Território Aduaneiro

Eficiência das exportações brasileiras: comentários a partir do novo TRS

Autor

  • Fernanda Kotzias

    é sócia do Veirano Advogados advogada aduaneira doutora em Direito do Comércio Internacional professora de pós-graduação e ex-conselheira titular no Conselho Administrativo de Recursos Fiscais (Carf).

24 de outubro de 2023, 8h00

No último dia 20 de outubro foi lançado o Estudo de Tempos de Liberação de Cargas para as exportações, internacionalmente conhecido como Time Release Study (TRS) [1].

Spacca
O trabalho, desenvolvido pela RFB de modo análogo ao TRS importação de 2020, buscou consolidar informações relevantes e relacionadas aos tempos médios de desembaraço, de modo a cumprir com a recomendação contida no Acordo sobre Facilitação do Comércio (AFC) da OMC [2].

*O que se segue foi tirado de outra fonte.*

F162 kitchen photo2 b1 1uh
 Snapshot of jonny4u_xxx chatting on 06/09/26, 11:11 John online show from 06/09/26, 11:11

A relevância desse tipo de iniciativa reside no fato de que, conforme já indicado pelo Banco Mundial, cada dia de atraso/demora nos processos de logísticos representam cerca de 1% do valor das mercadorias transacionadas. Tais custos, que acabam sendo represados ao consumidor final, trazem prejuízos em termos de competitividade dos exportadores no comércio exterior e dificultam a efetiva inserção econômica do país nos mercados globais.

Em termos de resultados obtidos, o TRS dá destaque para as seguintes conclusões: (1) 88,9% das DU-Es registradas entre junho e julho de 2023 foram parametrizadas em canal verde; (2) o modal marítimo responde por 46,9% das operações de exportação no Brasil; (3) cerca de 85% do tempo consumido no despacho ocorre na etapa entre o desembaraço e o embarque; (4) a participação dos órgãos públicos nos tempos de exportação é de cerca de 3% do total; e (5) apenas 19% das exportações são realizadas por empresas certificadas no Programa Operador Econômico Autorizado (OEA).

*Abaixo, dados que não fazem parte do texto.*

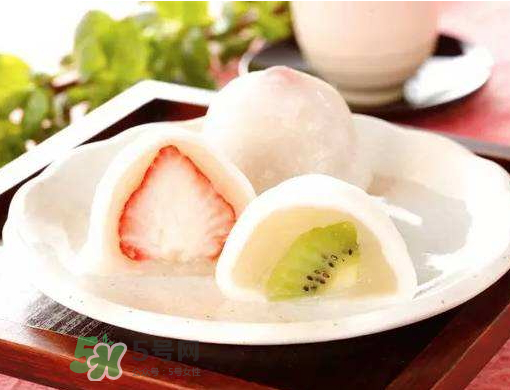 冰皮月餅粉可以做雪媚娘嗎？雪媚娘和冰皮月餅區(qū)別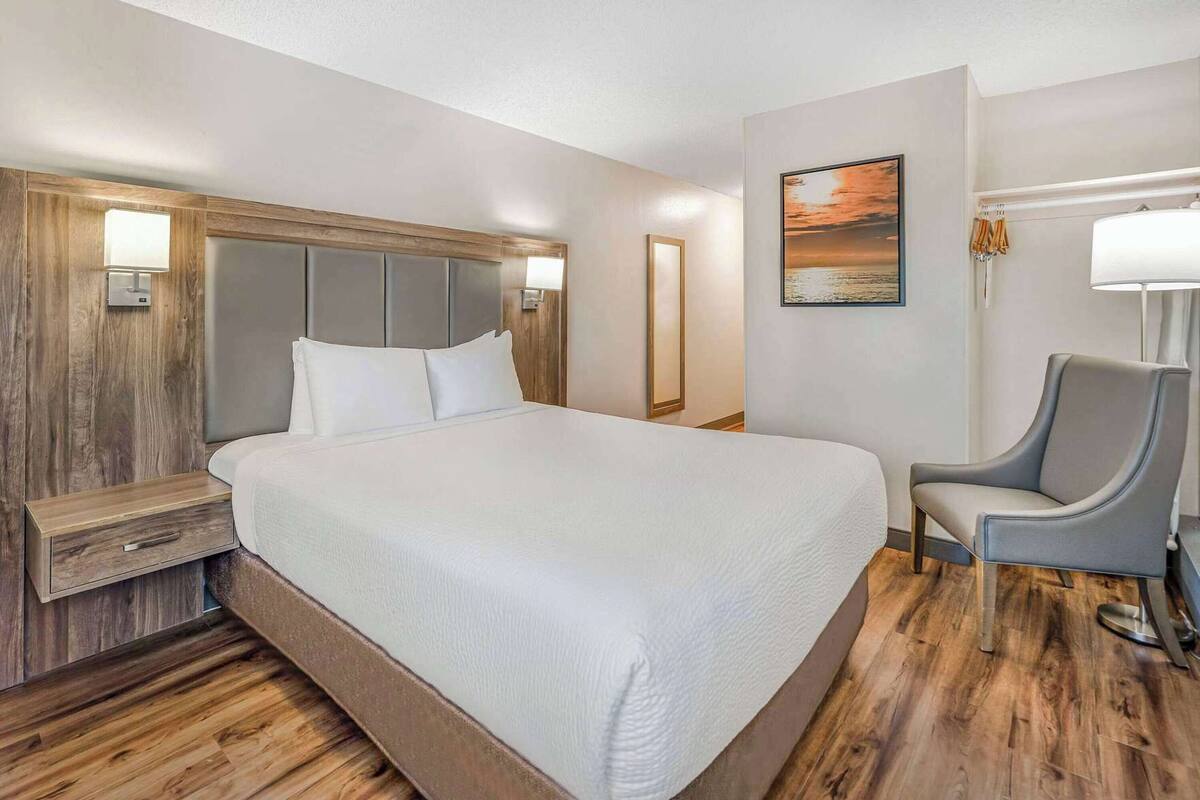 In-room safe, desk, laptop workspace, blackout drapes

A partir desse quadro, as conclusões gerais enfatizadas no estudo foram: (1) o tempo médio de despacho de exportação praticado, de 107 horas, é razoável; (2) o tempo elevado entre desembaraço e embarque indica que a logística é o ponto crucial do processo quando se pensa em redução de tempos significativa; (3) a participação de órgãos públicos no tempo de exportação é pequena; e (4) a adesão dos exportadores ao Programa OEA está aquém do esperado, o que enseja a necessidade de ajustes em termos de benefícios e integração para além da RFB, de maneira a ser encarado como uma política de Estado.

Para além dos dados e interpretações apresentadas pela RFB, nos parece que existem outras lições relevantes no estudo e que necessitam ser melhor endereçadas para que o relatório produza os esperados efeitos de promoção de diálogos e aprimoramento dos procedimentos aduaneiros.

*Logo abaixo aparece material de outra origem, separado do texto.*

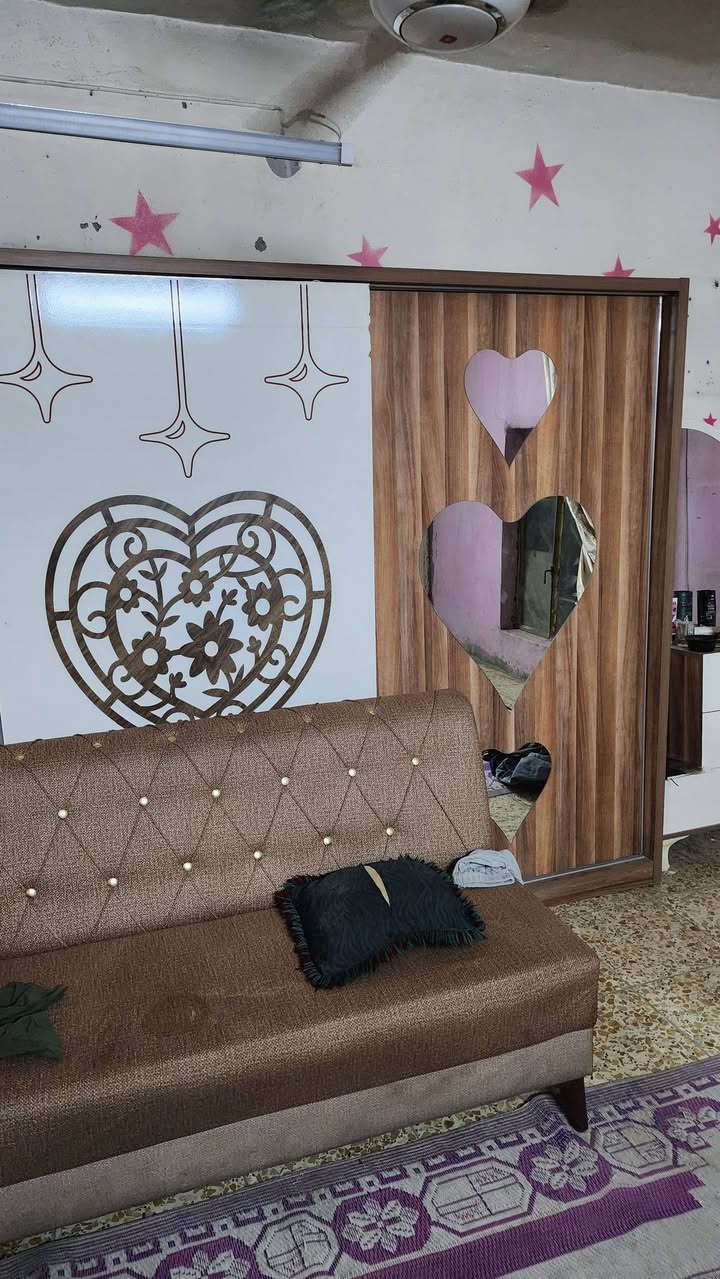 غرفه نوم مستعمل نضيف
مكاني بغداد الحريه
رقمي ***********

Nesse sentido, nos propomos aqui a tratar de cinco pontos que consideramos igualmente relevantes e que, apesar de contidos no relatório, não foram tratados de forma completa ou adequada. São eles: os desafios do modal rodoviário; a necessidade de se continuar investindo em automação; o impacto dos órgãos anuentes na exportação — principalmente o MAPA; a promoção da cooperação e coordenação entre órgãos de fronteira e a questão de mudança de cultura dos envolvidos no processo.

O primeiro ponto a ser destacado se refere às conclusões trazidas sobre as exportações realizadas por meio de fronteiras terrestres, ou seja, sob modal rodoviário. Isso porque, em diversos momentos o TRS traz esse canal como o mais eficiente, tendo consumido menos tempo de despacho, quando comparado aos modais marítimo e aéreo.

Em nossa visão, os números e as conclusões apresentados não refletem a situação real enfrentada nos pontos de fronteira terrestre. A principal causa disso parece ser o recorte metodológico realizado, que considera apenas o tempo despendido entre a entrada da mercadoria no recinto até o seu embarque. Ainda que essa intervalo faça sentido para a análise dos modais aéreos e marítimo, é insuficiente para o rodoviário.

Explica-se. Em razão de problemas logísticos e de infraestrutura, é comum que os principais recintos de fronteira terrestre restrinjam as admissões de mercadorias a serem submetidas ao controle aduaneiro, fazendo com que seja necessária a espera dos caminhões em vias públicas, muitas vezes com a distribuição de senhas, para o início do despacho. Assim, para se analisar o real tempo despendido entre a disponibilização da carga para despacho e a sua efetiva conclusão no canal rodoviário, faz-se necessário que esta espera — que nos demais casos ocorre dentro do recinto em forma de armazenagem — seja contemplada.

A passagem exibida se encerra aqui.